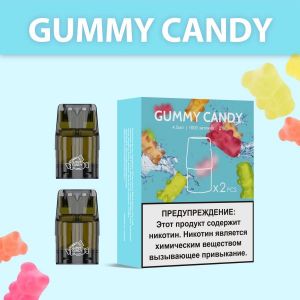 Картридж UDN X PLUS Gummy Candy ― Дымка невредимка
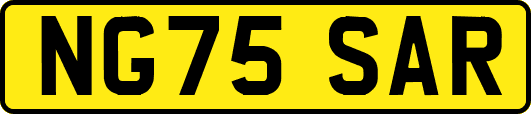 NG75SAR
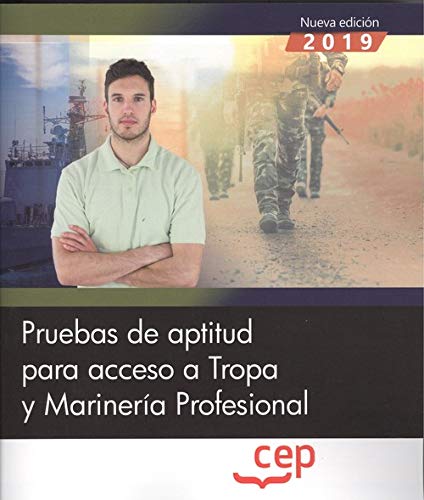 Pruebas de aptitud para acceso a tropa y marineria profesis Pruebas de aptitud para acceso a tropa y marineria profesis
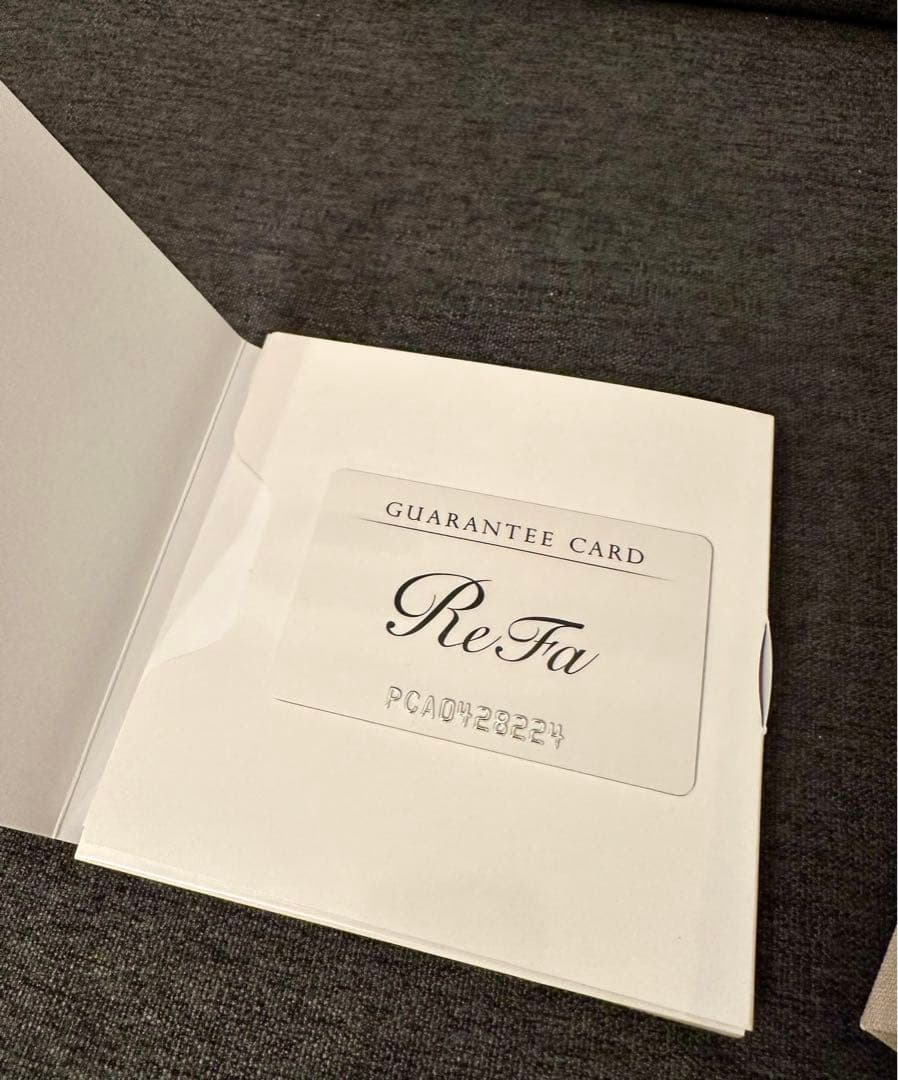 【正規品未使用】リファカラットレイ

- - - - - - -

** PROBLEM TO WORK ON **
An exact copy of every line above is needed, without the images.

** ANSWER SPACE **
 Картридж UDN X PLUS Gummy Candy ― Дымка невредимка
 NG75SAR
 Pruebas de aptitud para acceso a tropa y marineria profesis Pruebas de aptitud para acceso a tropa y marineria profesis
 【正規品未使用】リファカラットレイ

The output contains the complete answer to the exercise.